Liderar se ha vendido durante décadas como una mezcla entre mártir funcional, terapeuta improvisada y madre sin descanso.
Y muchas lo compramos. Algunas, incluso con entusiasmo.
Hasta que un día el cuerpo habla.
Y no dice “ya no puedo más” como en los libros de autoayuda.
Dice cosas como:
— ansiedad a las 6 de la mañana,
— hambre constante de dulces,
— hostilidad pasivo-agresiva con todo el que nos pide algo.
Y ahí, en ese punto exacto, empiezas a intuir que algo no va bien.
Que a lo mejor… solo a lo mejor… esto de asumirlo todo como si fueras la salvadora universal no era liderazgo, sino un secuestro emocional disfrazado de eficiencia.
Liderar no es hacer más. Es decidir mejor.
Y para decidir mejor, hay que saber dónde termina tu responsabilidad y dónde empieza la del otro.
Eso que parece básico… es lo primero que se olvida.
Delegamos tareas, pero no decisiones.
Soltamos un proyecto, pero seguimos encima como si nadie supiera cómo se mueve el mundo.
Pedimos ayuda, pero con una lista detallada de cómo hay que hacerlo todo exactamente igual que lo haríamos nosotras.
Eso no es liderar.
Eso es microgestionar la vida de otros mientras nos agotamos en silencio.
Y lo peor no es que no funcione.
Lo peor es que funciona a corto plazo.
Sí, claro que funciona: todo sale, nadie se queja, la empresa avanza.
Pero tú te apagas.
Y un día, mientras haces lo que sea que estés haciendo,
te pillas pensando en voz baja:
“No sé cuánto más voy a poder sostener esto.”
Y entonces viene el giro.
Liderar no es cargar. Es marcar el límite.
El límite no es egoísmo.
Es claridad.
Es decirle al cliente: “Eso no entra en lo pactado.”
Es decirle al socio: “Hasta aquí es mi parte.”
Es decirle al equipo: “No necesito que lo hagas perfecto. Necesito que te hagas cargo.”

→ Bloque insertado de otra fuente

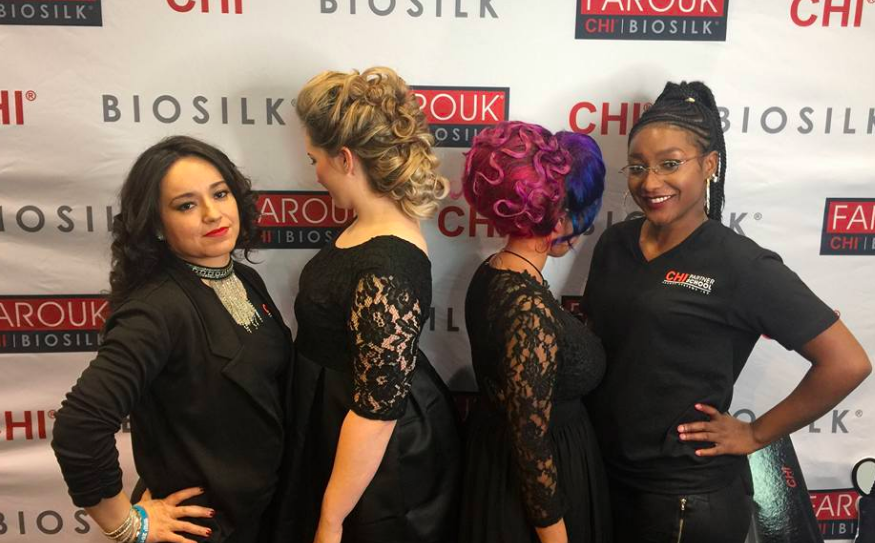 CHI School Showcase Winners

Y también es decirte a ti:
— No puedes con todo.
— No tienes que hacerlo todo.
— No estás aquí para salvar a nadie.
Liderar desde ahí no te hace menos comprometida.
Te hace más consciente.
Y sobre todo, más libre.
Porque cuando lideras marcando límites, no solo recuperas energía:
recuperas poder.
El tuyo.
No el que se gana por controlarlo todo, sino el que se activa cuando sabes que puedes decir que no, sin que se caiga el mundo.
Y lo más curioso es que el mundo, en realidad, empieza a girar mejor.